The first speaker set the tone. Ed Schlesinger, Department Head, Electrical & Computer Engineering, Carnegie Mellon, began by noting that, for the most part, the power is usually on. Our televisions and toasters, microwaves and computers generally work, our gas pumps generally pump, and our lives generally proceed day to day with few interruptions in our power supply. Because everything works so well, the average person has no idea that there are considerable problems in the industry. But, all is not well. And the public needs to know.
That premise--that the public needs to know where things stand in the industry--is critical. It's the premise of my new book, Lights Out: The Electricity Crisis, The Global Economy, and What It Means To You. We need to get the word out that the current situation in the industry is untenable, If we continue waking up each day assuming that the lights will be on and taking no action to ensure that indeed they will continue to shine for years to come, then we're contributing to the problem. As industry professionals, it is our responsibility to talk to more than just each other.
And we have a responsibility to alert the public to potential problems.

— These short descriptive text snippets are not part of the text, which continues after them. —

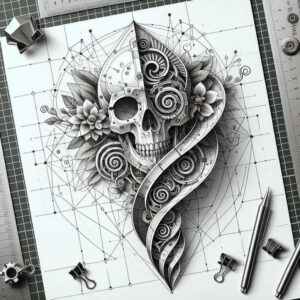 life-motif-skull-tattoo – tattoo design ideas free ai generated – grotesque – for-sternum – Gallery: skulls-inkby-ai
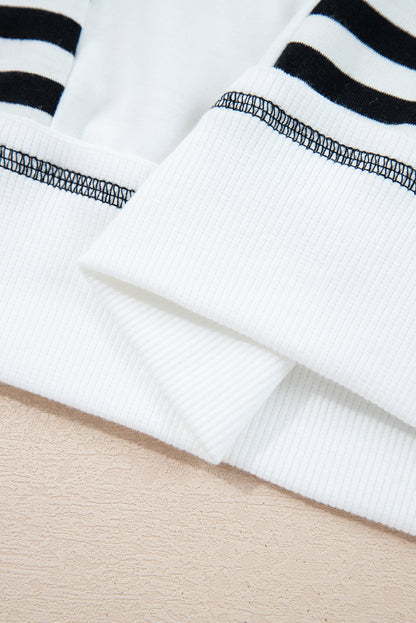 Green Striped Colorblock Patchwork Oversized Sweatshirt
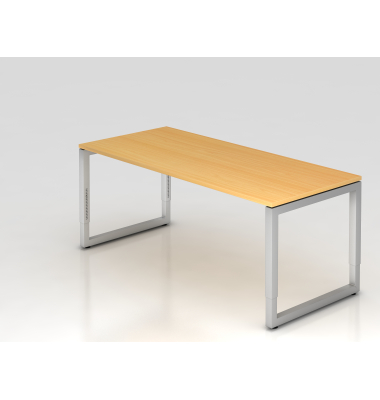 Schreibtisch VRS, manuell h&ouml;henverstellbar, 85cm (H), 180x80cm (BxT), buche / silber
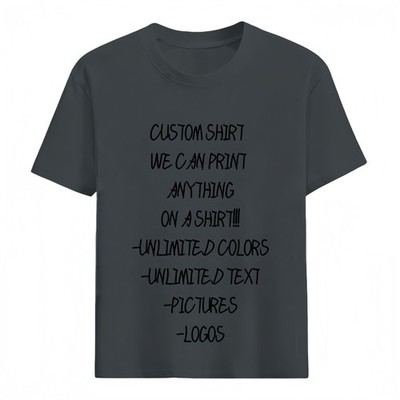 Personalized Text Photo Logo Custom T-Shirt Heat Transfer Print Unisex Gift Tee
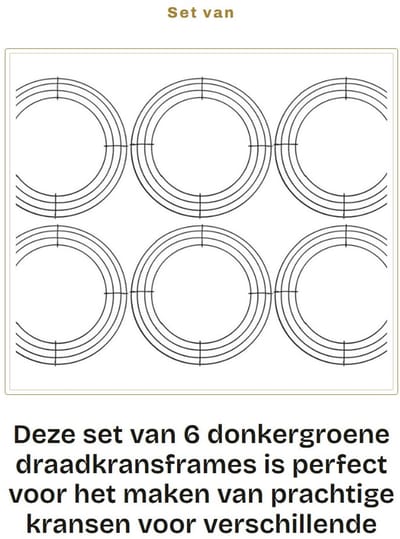 Dailygoods- Draadkransframe 25 cm - 6 stuks - Donkergroen - Metaaldraad - Stevige basis - Duurzaam materiaal - Kransframe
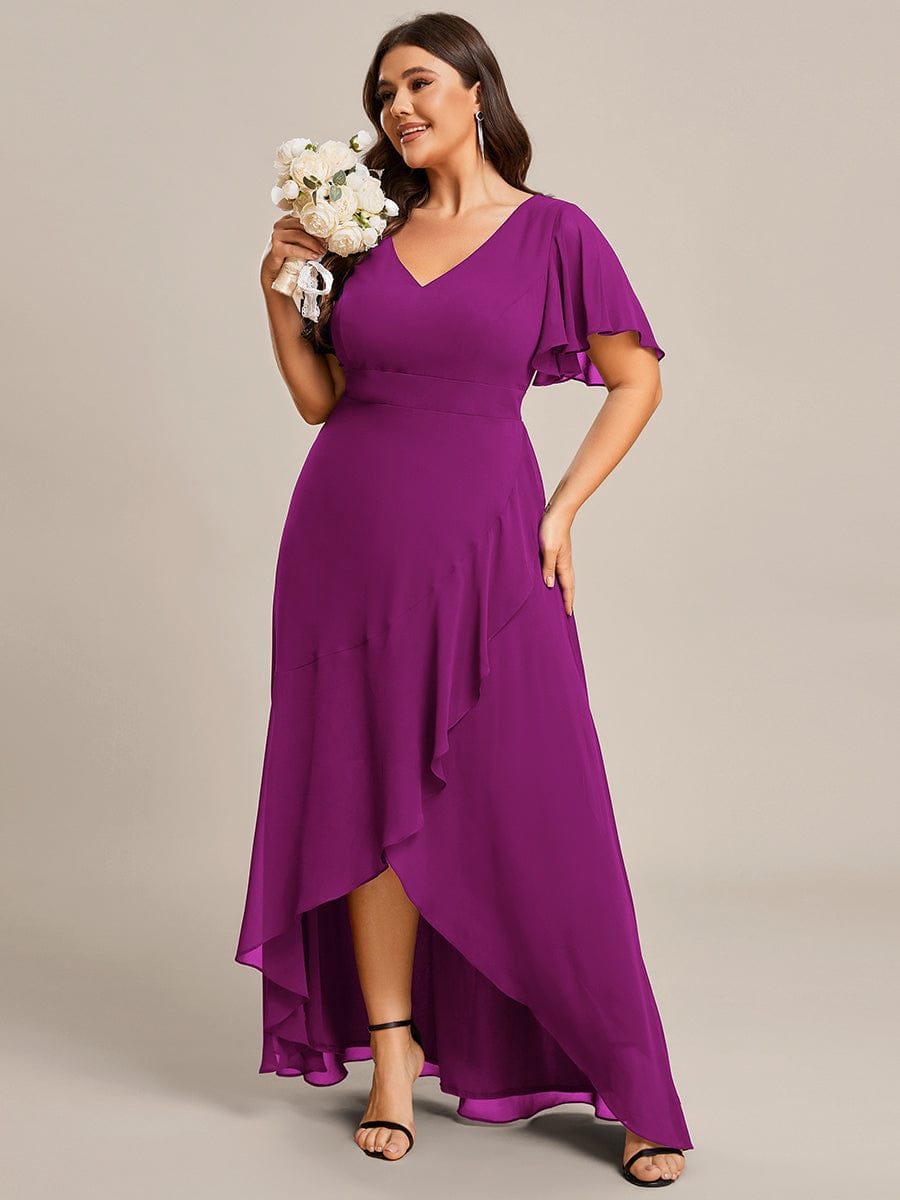 Elegant Chiffon High-Low Bridesmaid Dress with Lotus Leaf Hemline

Indeed, the one topic that stuck out for me is the one that Granger Morgan, Carnegie Mellon, tackled. Morgan reported that The Office of Technology Assessment revealed that terrorists could inflict massive damange to the electricity industry. When did they say that? In 1990! he also noted that a National Research Council (NRC) report from 2002 reported that terrorists could inflict the greatest damage by hitting the electric system. And now, he says that yet another NRC report is on the way.
What do these reports forsee as the primary targets? Well, while the public has nightmares about planes flying into nuclear reactors--which have armed guards and reinforced structures designed to withstand attack, the "juciest" targets are the critical substations scattered around the country, protected only by chain link fences, that ties our grid together.
In Lights Out, I write:
From a grid security and reliability perspective, and for the sake of our functioning electricity markets, I propose that perhaps, just maybe, we should be treating these critical substations like they were nuclear plants. Here it is a little more directly: our regional substations are critical assets that are essential to our national interest and should be viewed and protected as such. There you have it. So far, however, all the talk of change has gone no where fast.

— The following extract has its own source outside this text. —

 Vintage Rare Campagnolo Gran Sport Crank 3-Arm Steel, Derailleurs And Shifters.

Think about what it might look like if we suffer a coordinated attack on critical substations...it's not pretty. I'm in agreement with Morgan that more--much more--attention needs to be paid to the role our electricity system plays in national security. The grid is vulnerable. Very vulnerable. As for planning ahead, we need to take action to stockpile, as Morgan said, equipment, portable transformers, batteries and other local solutions that would enable damaged substations to get back up and running for rapid service restoration. It really is a matter of national security.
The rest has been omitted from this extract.